POST /api/ruleset-git/ Responses

Status Code Description
200 Operation succeeded.

POST /api/ruleset-git/ curl example

curl -X POST "https://<your-datamasque-host>/api/ruleset-git/" \
     -H "Authorization: Token <your-api-token>" \
     -H "Content-Type: application/json" \
     -d '{
           "commit_message": "Update ruleset",
           "ruleset_name": "<your-ruleset-filename>",
           "ruleset_content": "version: \"1.0\"\ntasks:\n  - type: run_data_discovery"
         }'

GET /api/ruleset-git/files/

Authorization: User token only.

This endpoint lists the git_directory_path in the remote repository configured for the DataMasque instance. It considers any files ending in .yml to be ruleset files, and will fetch the list of commits for each of them. It does not enter into subdirectories of git_directory_path.

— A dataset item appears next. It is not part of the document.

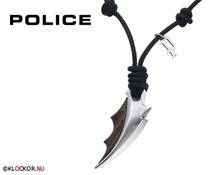 Bild Police Razor 22278PLB/01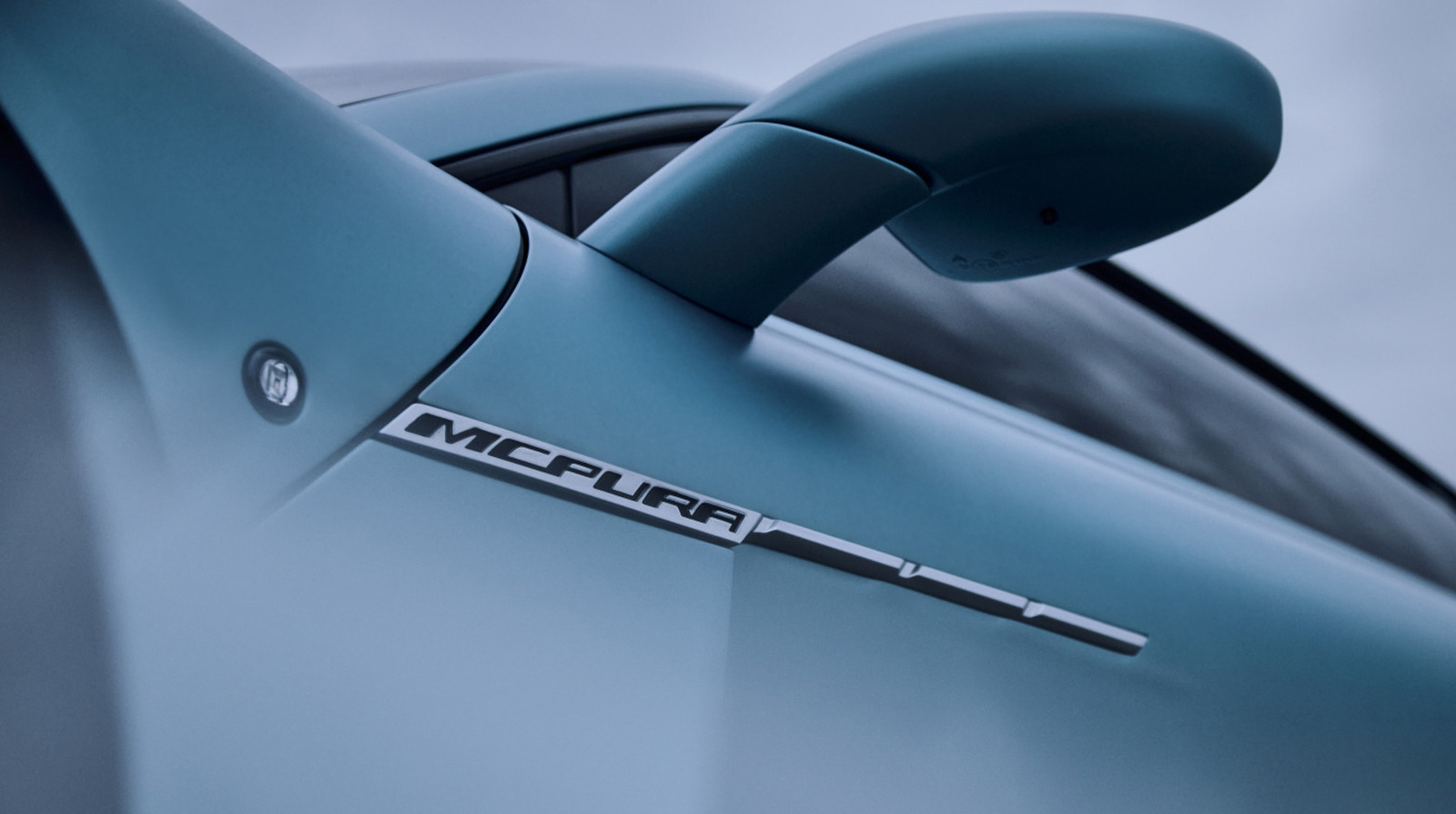 Почему Maserati прекратил спортивный автомобиль MC20? (И что его заменило?)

GET /api/ruleset-git/files/ Parameters

No parameters.

GET /api/ruleset-git/files/ Responses

Example Response

The response is a JSON object with each key being the name of a file with a .yml extension in the git_directory_path. Each file entry has an array objects with a commit ID, commit date and commit message.

{
  "Ruleset1.yml": [
    {"commit": "f061s…46756", "date": "2024-01-10 12:31:45", "message": "Added Column"},
    {"commit": "64c18…1a279", "date": "2024-01-09 10:19:13", "message": "Removed Column"}
  ],
  "Another Ruleset.yml": [
    {"commit": "377f5…b32f4", "date": "2023-12-25 12:31:45", "message": "Update rule"}
  ]
}

Response Codes

Status Code Description
200 A JSON serialized list of ruleset names and their associated Git commit history.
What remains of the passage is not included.